Pictures with short captions

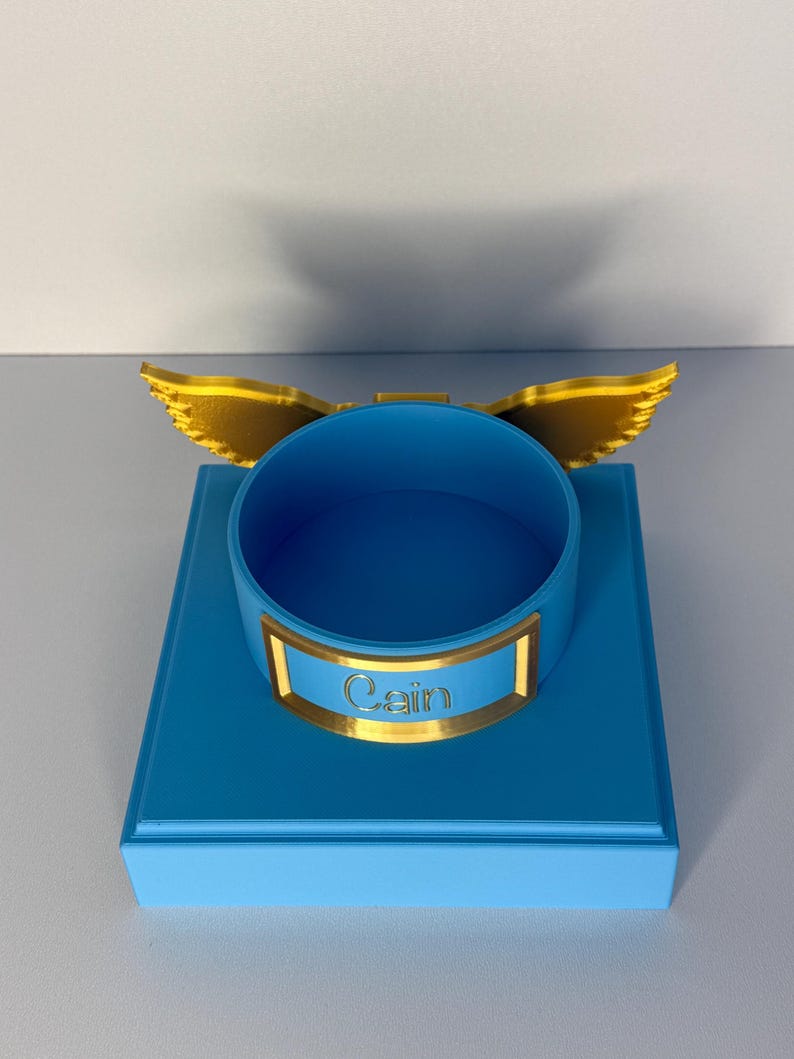 May include: A bright blue circular container mounted on a square blue base. The container features a gold-colored nameplate with the name Cain embossed in the center and a pair of gold-colored wings extending from the back of the rim.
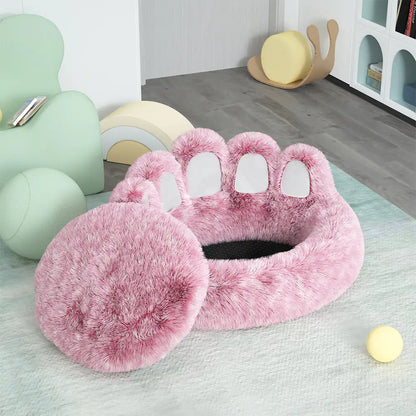 Pink paw-shaped pet bed on a light green rug with colorful chairs in the background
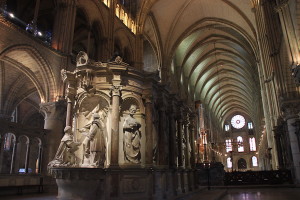 Tomb of St. Remi (St. Remigius), located in the St. Remi Basilica’s apse. The basilica’s long nave recedes in the background, at right.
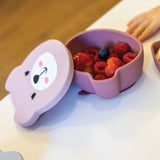 Photo d’une table à manger avec posé dessus de la vaisselle pour enfant en silicone de couleur rose. En avant plan il y a un Bol pour enfant de couleur rose avec une forme de tête d’ours. l est équipé d’ couvercle de couleur rose clair avec des illustrations représentant le visage d’un ours. Dans le bol il y a des fruits rouges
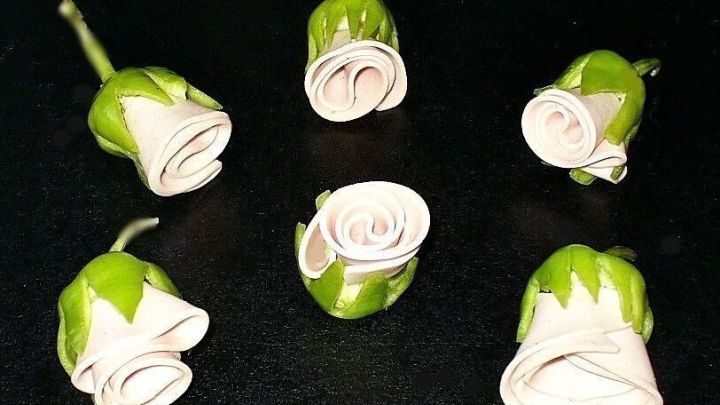 Dekorative R&ouml;schen aus Wurst sind kunstvoll geformt und auf einem dunklen Tisch arrangiert, ideal f&uuml;r ein Buffet.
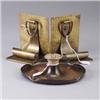 Image 1 : Three ROYCROFT brass-washed hammered copper pieces: a pair of bookends with scroll and ring handle (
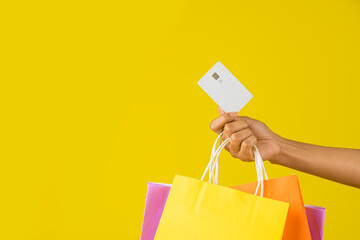 Mano de una mujer con bolsas de compra y una tarjeta para pagar en un fondo amarillo - obrazy, fototapety, plakaty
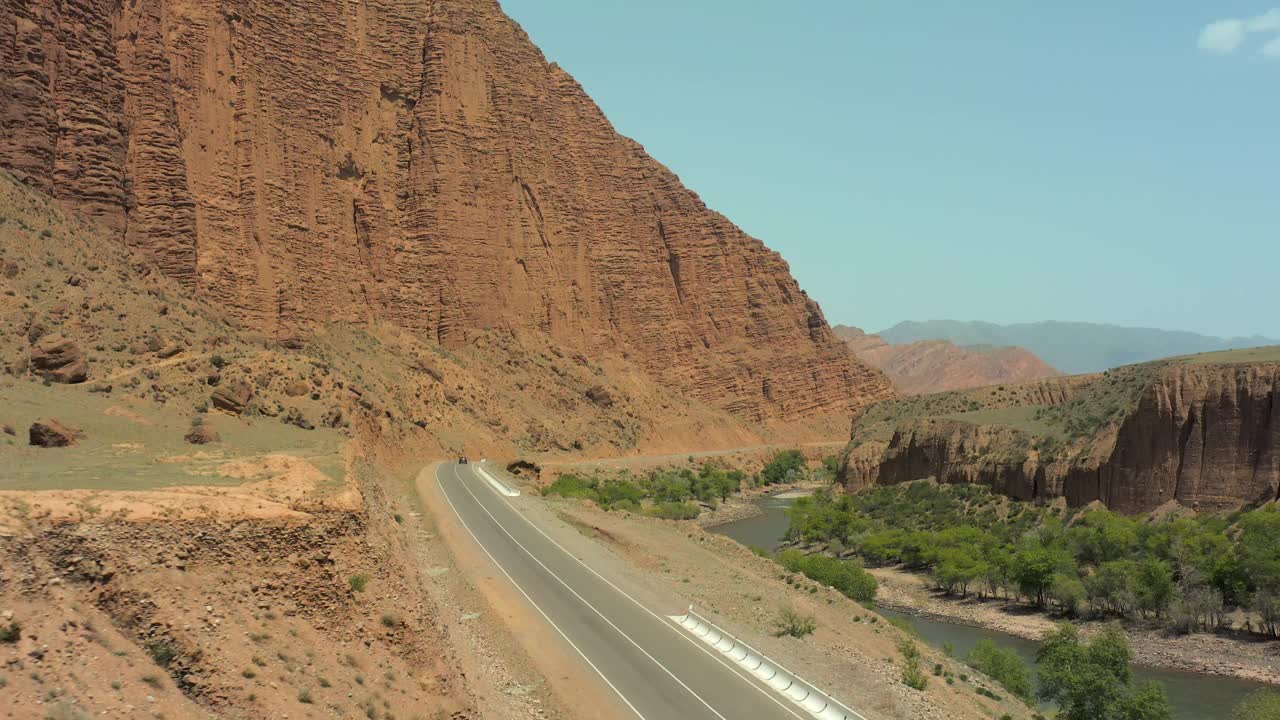 从沿着峡谷和河流的道路上飞行的无人机上看风景如画。视频素材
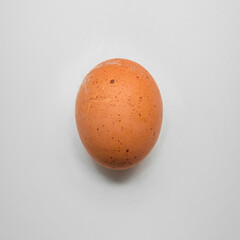 Single brown hen egg isolated on white background close up. Birth and new life concept.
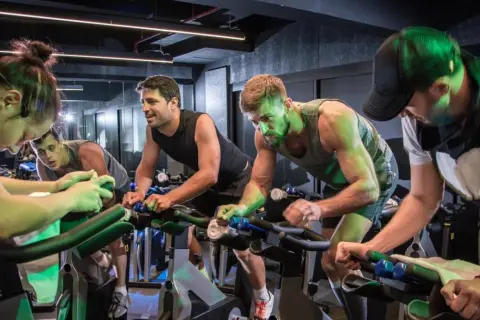 Intensywny trening spinningowy. Grupa ludzi pedałuje na rowerach stacjonarnych, skupiona na wysiłku.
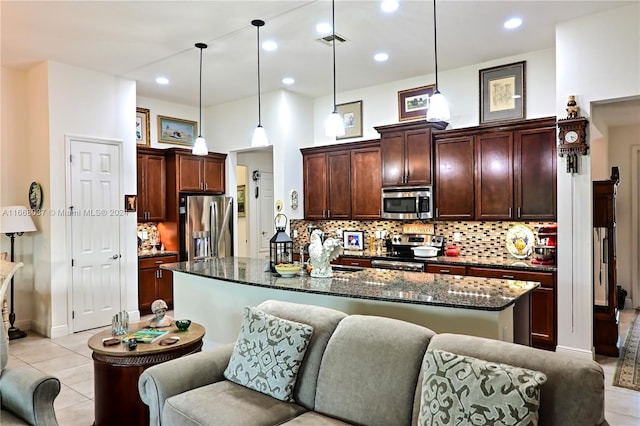 kitchen featuring a kitchen island with sink, light tile patterned flooring, appliances with stainless steel finishes, and decorative light fixtures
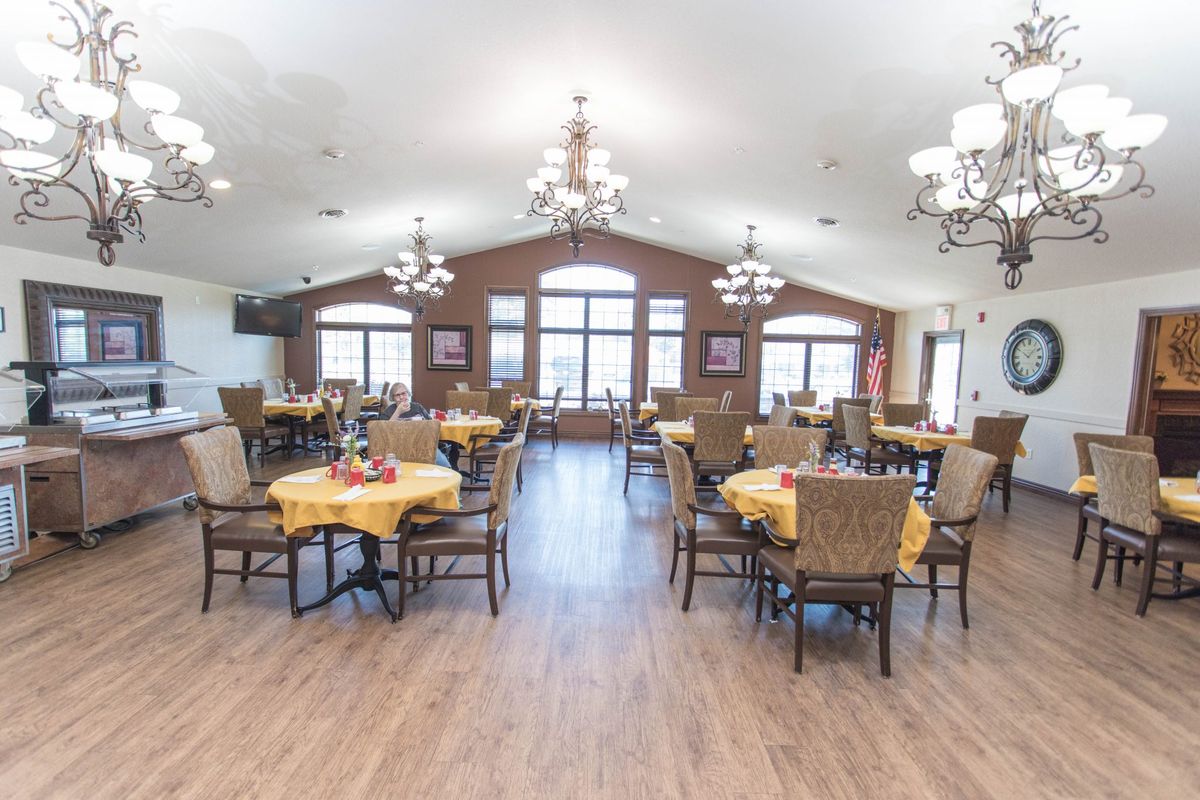 A spacious and well-lit dining area with elegantly set tables and comfortable chairs.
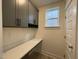 Practical mudroom with built-in bench, storage cabinets, and natural light at 476 Traditions Grande Blvd # 33, Wake Forest, NC 27587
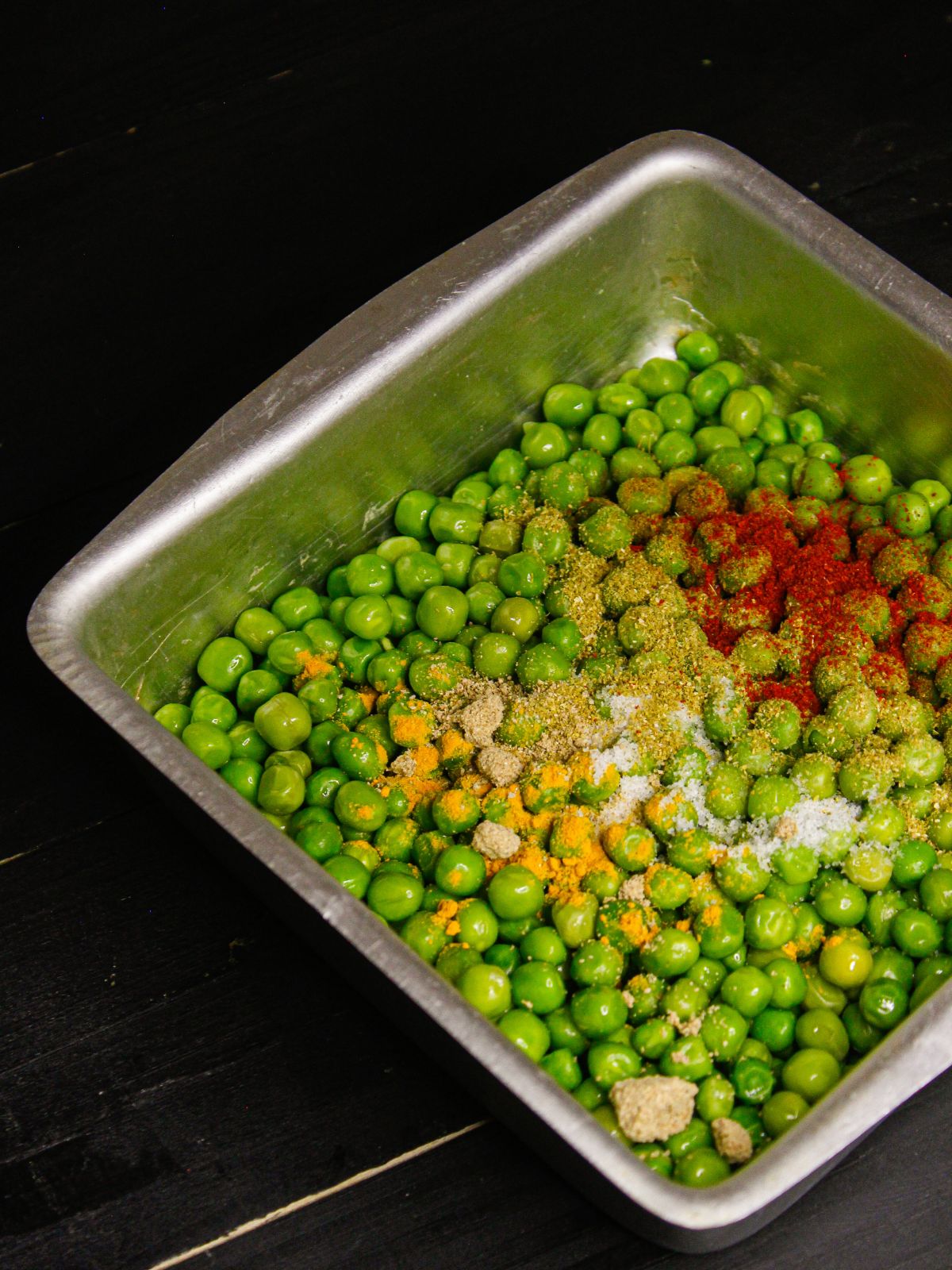 Take peas and add all the powdered spices in to the pan and mix well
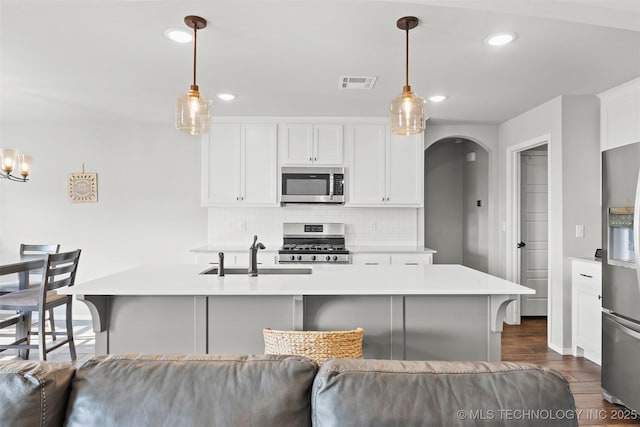 kitchen featuring stainless steel appliances, tasteful backsplash, visible vents, dark wood-type flooring, and a sink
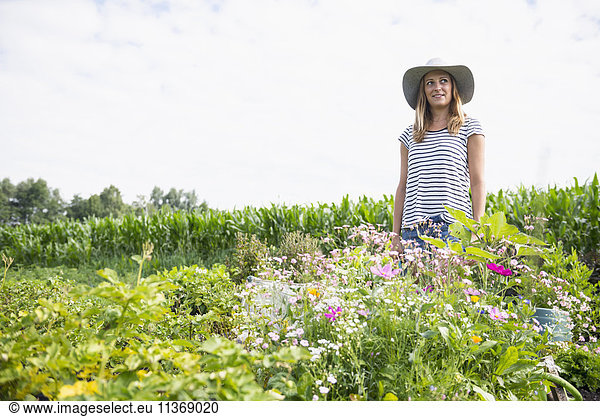 Mid adult woman standing with flowers in her community garden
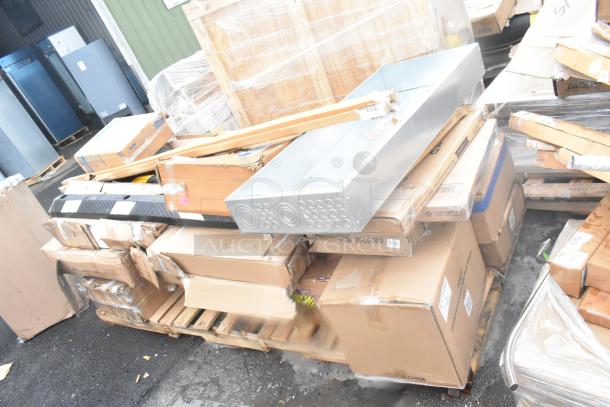 Stack of 24 new scratch and dent items, including a wall corner guard, work table, and tray stand, on pallets.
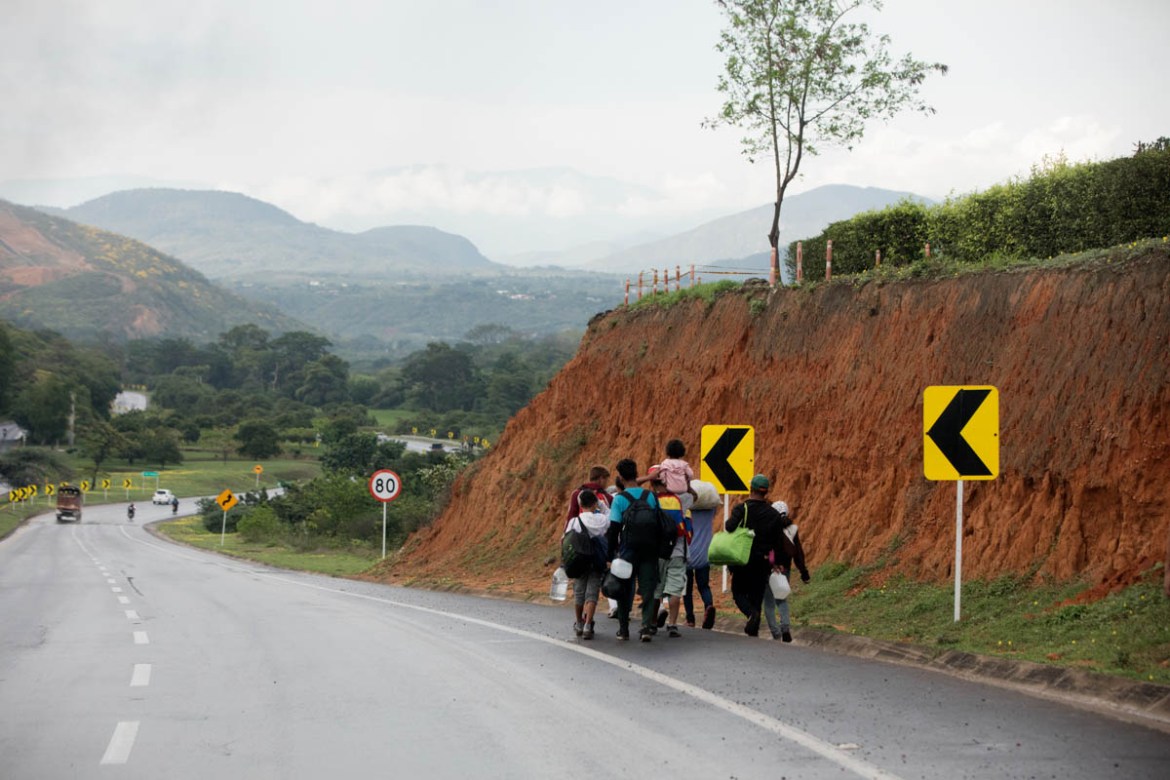 Venezuelans walk along the side of the road from the Colombian border town of Cucuta toward Pamplona, one of the first major cities along the migration route to the capital, Bogota. Healthy and able-b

Exercise description
Skip the pictures. Restate exactly the lines from the start of the entries through the line containing "Pink paw-shaped pet", both ends included.

Exercise output
 May include: A bright blue circular container mounted on a square blue base. The container features a gold-colored nameplate with the name Cain embossed in the center and a pair of gold-colored wings extending from the back of the rim.
 Pink paw-shaped pet bed on a light green rug with colorful chairs in the background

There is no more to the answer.